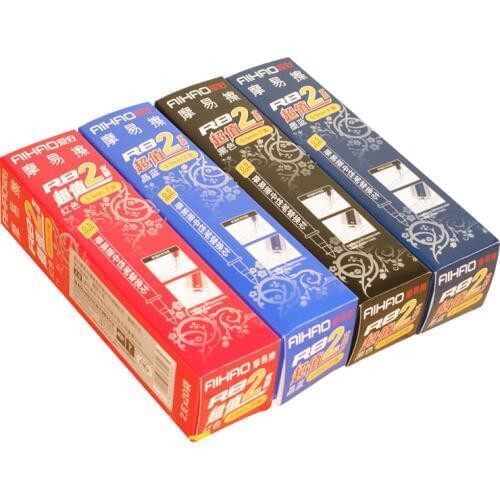 Aihao R8 0.5mm erasable gel pen refills blue black dark-blue red ink school & office stationery 40pcs/lot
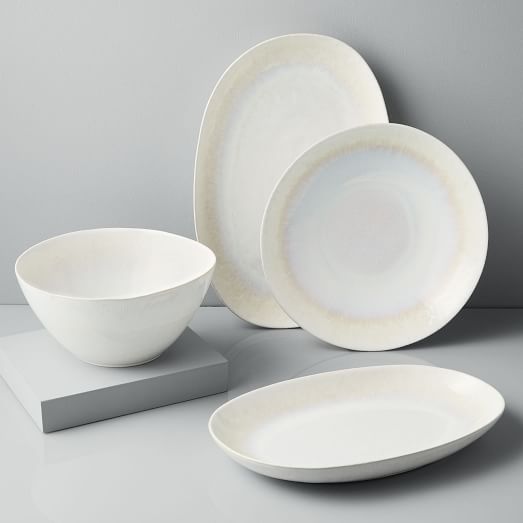 reactive glaze serveware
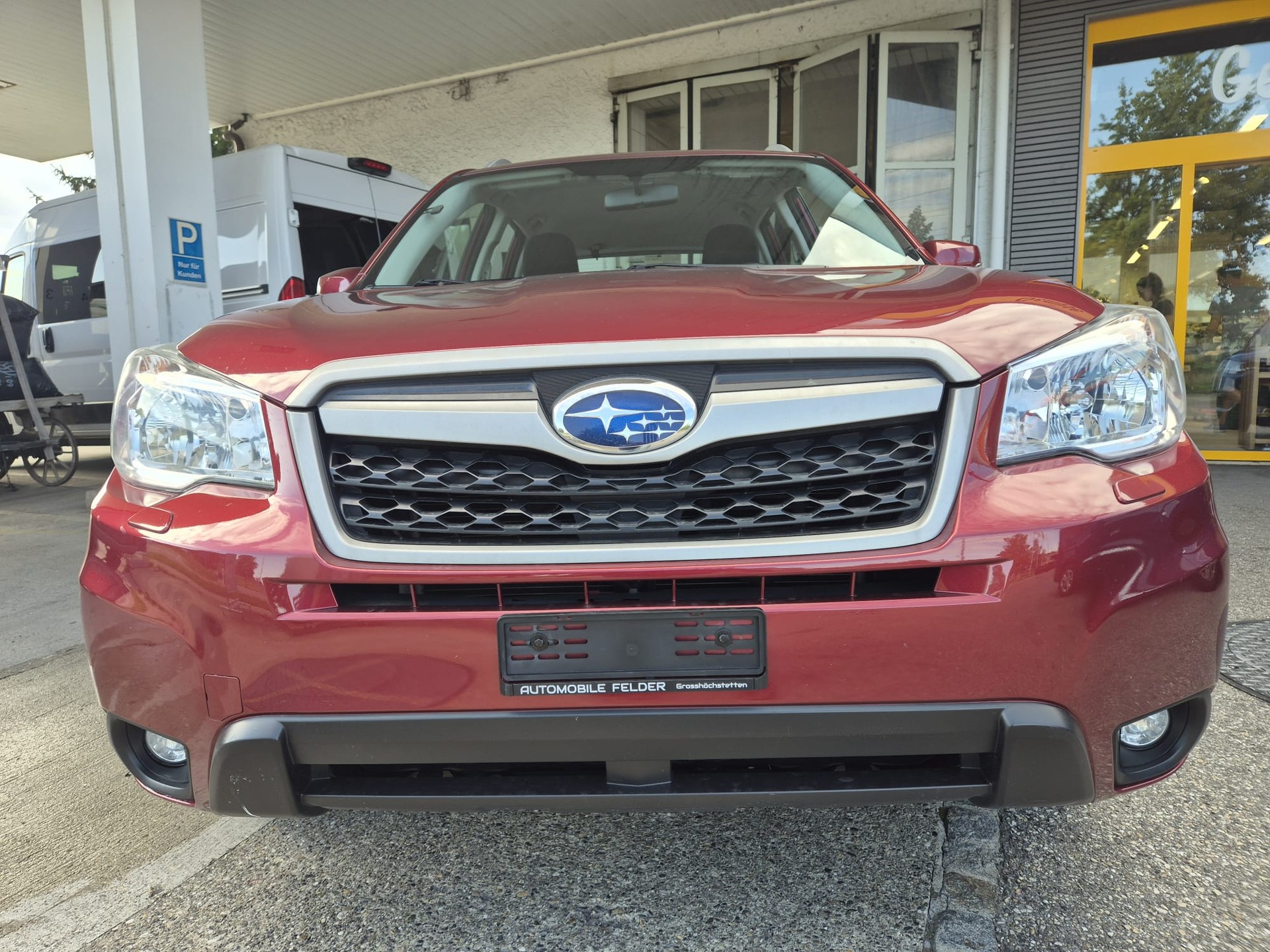 SUBARU Forester 2.0i Swiss Lineartronic-image-1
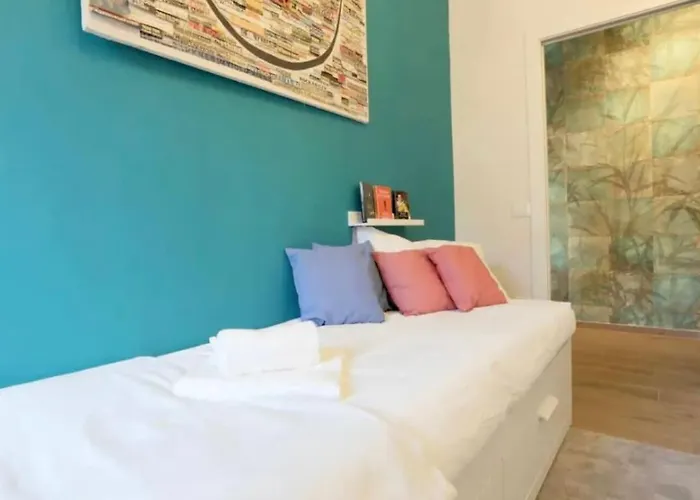 Magnificent For 4 People Apartamento Florença
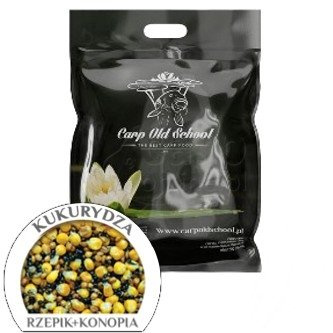 Carp Old School Mix ziaren 5kg Natural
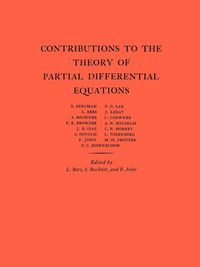 Produktbild: Contributions to the Theory of Partial Differential Equations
_____
Exercise prompt: Could you write out every line above exactly as it stands, with no images?

Response area:
 Aihao R8 0.5mm erasable gel pen refills blue black dark-blue red ink school & office stationery 40pcs/lot
 reactive glaze serveware
 SUBARU Forester 2.0i Swiss Lineartronic-image-1
 Magnificent For 4 People Apartamento Florença
 Carp Old School Mix ziaren 5kg Natural
 Produktbild: Contributions to the Theory of Partial Differential Equations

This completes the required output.